Perhaps DBpedia could have a role to play in answering the type of query I posed – after all, if you want to compare the proportions of students in towns and cities across several countries, mightn’t DBpedia be an easier place to seeks an initial answer, rather than having to find and query statistics from each of the individual countries (especially as the UK Government seems to be taking a leading role in expressing a commitment to Linked Data).

In addition to suggesting that the query should use official Government sources of data (which Chris Wallace has used to provide an answer to my query) Chris also raised the issue about the need to seek clarity in the queries we pose. Using the Guardian Platform Chris Wallace found that the place with the highest proportion of students is Milton Keynes. Chris Rusbridge suggested this in an initial discussion on a LinkedIn Linked Data discussion. And yes, the home of the Open University, is likely to have a large number of registered students. But I don’t think the place will be full of students at the start of the academic year since the Open University is a distance learning institution. The (implied) context of my query was the place for which a significant proportion of students would be likely to affect the local environment, with large numbers of students in town during freshers pub crawls and, perhaps, little happening during vacations. So we should rule out the Open University. But what about other universities with a large number of students on distance learning courses? According to a tweet from lordllamaAbout 41% of 23,000 students at Leicester University are on distance learning courses“.

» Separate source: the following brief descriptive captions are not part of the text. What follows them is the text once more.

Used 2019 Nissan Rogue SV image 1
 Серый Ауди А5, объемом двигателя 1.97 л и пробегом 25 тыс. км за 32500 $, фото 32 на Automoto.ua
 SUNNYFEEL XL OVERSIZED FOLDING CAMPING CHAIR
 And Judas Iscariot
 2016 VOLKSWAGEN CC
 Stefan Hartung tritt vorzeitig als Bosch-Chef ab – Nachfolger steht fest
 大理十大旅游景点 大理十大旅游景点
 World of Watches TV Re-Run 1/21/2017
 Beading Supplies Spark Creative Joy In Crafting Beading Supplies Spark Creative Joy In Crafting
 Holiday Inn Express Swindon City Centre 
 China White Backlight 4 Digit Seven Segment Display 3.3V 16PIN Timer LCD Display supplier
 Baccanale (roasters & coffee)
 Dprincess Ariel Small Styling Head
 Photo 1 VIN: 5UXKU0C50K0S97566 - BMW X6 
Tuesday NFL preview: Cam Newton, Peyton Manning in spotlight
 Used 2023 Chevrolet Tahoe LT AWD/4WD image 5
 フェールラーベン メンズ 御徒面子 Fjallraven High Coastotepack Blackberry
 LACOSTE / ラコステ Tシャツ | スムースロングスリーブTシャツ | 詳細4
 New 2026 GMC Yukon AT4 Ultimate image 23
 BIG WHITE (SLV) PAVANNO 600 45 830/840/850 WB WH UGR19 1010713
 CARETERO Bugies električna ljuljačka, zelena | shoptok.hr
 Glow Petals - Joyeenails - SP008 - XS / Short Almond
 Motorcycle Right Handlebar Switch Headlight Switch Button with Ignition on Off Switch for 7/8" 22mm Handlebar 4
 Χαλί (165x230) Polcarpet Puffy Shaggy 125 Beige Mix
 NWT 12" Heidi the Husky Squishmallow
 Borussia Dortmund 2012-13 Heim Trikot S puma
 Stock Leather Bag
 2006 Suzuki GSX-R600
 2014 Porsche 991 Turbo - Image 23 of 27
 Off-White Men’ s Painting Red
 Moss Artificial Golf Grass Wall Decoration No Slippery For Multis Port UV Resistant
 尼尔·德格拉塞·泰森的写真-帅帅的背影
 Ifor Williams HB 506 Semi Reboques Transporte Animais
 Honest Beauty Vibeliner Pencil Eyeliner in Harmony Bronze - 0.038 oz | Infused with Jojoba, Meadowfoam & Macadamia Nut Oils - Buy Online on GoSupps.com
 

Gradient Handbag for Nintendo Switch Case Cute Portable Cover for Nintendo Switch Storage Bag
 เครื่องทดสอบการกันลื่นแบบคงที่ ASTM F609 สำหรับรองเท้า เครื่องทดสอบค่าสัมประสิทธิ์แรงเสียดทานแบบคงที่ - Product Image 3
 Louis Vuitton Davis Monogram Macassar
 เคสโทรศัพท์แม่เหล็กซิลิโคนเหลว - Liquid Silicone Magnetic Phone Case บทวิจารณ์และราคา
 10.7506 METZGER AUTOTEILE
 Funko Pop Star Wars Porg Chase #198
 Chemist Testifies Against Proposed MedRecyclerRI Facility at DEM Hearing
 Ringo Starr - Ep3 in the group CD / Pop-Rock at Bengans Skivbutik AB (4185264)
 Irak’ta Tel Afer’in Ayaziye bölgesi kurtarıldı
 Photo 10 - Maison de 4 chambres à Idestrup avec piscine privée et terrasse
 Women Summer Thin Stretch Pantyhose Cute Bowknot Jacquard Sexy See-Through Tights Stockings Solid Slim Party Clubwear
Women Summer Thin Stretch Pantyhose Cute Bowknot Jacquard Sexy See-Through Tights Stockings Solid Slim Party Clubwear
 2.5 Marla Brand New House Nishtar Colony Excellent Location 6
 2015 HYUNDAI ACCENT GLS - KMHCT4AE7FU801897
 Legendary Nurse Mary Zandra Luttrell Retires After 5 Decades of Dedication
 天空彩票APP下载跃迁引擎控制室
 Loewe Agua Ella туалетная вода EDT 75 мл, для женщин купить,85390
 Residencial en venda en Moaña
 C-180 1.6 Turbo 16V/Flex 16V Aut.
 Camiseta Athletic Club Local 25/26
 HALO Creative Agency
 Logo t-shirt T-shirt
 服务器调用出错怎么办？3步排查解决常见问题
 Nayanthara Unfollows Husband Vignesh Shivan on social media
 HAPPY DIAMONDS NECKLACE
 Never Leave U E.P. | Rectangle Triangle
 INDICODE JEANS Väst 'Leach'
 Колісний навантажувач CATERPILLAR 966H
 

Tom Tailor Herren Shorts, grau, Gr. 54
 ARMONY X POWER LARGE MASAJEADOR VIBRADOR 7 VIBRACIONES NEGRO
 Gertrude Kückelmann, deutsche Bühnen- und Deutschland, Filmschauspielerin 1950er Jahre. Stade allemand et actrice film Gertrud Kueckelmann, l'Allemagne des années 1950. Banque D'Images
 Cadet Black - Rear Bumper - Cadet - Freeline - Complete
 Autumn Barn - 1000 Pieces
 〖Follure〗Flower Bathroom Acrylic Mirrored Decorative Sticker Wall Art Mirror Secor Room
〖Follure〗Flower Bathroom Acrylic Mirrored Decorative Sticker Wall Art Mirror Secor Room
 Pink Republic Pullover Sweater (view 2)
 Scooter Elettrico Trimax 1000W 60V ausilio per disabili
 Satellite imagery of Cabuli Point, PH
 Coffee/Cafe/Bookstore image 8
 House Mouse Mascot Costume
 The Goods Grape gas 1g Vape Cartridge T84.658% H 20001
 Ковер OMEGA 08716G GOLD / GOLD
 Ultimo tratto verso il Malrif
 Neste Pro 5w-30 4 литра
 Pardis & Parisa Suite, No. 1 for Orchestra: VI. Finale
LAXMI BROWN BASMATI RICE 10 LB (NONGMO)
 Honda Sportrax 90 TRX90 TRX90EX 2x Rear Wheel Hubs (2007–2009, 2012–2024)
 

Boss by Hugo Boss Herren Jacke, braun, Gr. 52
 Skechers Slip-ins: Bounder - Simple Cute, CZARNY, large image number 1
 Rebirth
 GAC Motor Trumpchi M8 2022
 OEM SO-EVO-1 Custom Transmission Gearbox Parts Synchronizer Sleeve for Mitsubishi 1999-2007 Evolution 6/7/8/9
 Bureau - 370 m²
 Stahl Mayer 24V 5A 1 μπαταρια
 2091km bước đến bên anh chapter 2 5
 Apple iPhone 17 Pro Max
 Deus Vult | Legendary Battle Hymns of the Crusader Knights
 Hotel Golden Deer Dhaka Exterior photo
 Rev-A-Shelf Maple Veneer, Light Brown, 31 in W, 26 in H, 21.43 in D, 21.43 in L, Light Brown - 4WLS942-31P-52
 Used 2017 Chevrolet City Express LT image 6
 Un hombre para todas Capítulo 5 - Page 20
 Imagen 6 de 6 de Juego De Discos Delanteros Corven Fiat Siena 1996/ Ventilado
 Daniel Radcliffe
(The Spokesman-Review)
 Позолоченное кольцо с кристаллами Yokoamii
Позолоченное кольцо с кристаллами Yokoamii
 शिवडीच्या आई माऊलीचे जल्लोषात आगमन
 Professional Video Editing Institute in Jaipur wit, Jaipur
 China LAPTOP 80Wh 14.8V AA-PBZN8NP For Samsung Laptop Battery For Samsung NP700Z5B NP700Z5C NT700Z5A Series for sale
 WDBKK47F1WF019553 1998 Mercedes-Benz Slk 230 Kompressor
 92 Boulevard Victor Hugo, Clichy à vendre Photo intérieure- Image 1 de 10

There is also the question of how we should treat institutions such as the University of Brighton in Hastings which “offers University of Brighton degrees“.  As Margaret Wallis pointed out in response to my initial blog post this institution has  “grown in six years from 40 students to 600+“. But should those students be included in the totals for the Univeristy of Brighton or for Hastings? The general question is how we should treat institutions which have multiple campuses, split across different towns or, as may be case in this example, institutions which award degrees on befalf of other institutions.

You may also notice that my question about places with a large proportion of students is now talking about universities and university students. But what about students at FE colleges? And school children?

Chris Rusbridge highlighted such complexities: “The point is, these things are hard. Understanding your data structures and their semantics, understanding the actual data and their provenance, understanding your questions, expressing them really clearly: these are hard things.” Chris concluded “I’m beginning to worry that Linked Data may be slightly dangerous except for very well-designed systems and very smart people…” Chris probably had his tongue in his cheek with his ‘smart people‘ remark but he may be right with his warning that Linked Data might be dangerous. If a simply query such as “Which town or city in the UK has the largest proportion of students?” is open to a number of different interpretations, what are the implications for more complex queries.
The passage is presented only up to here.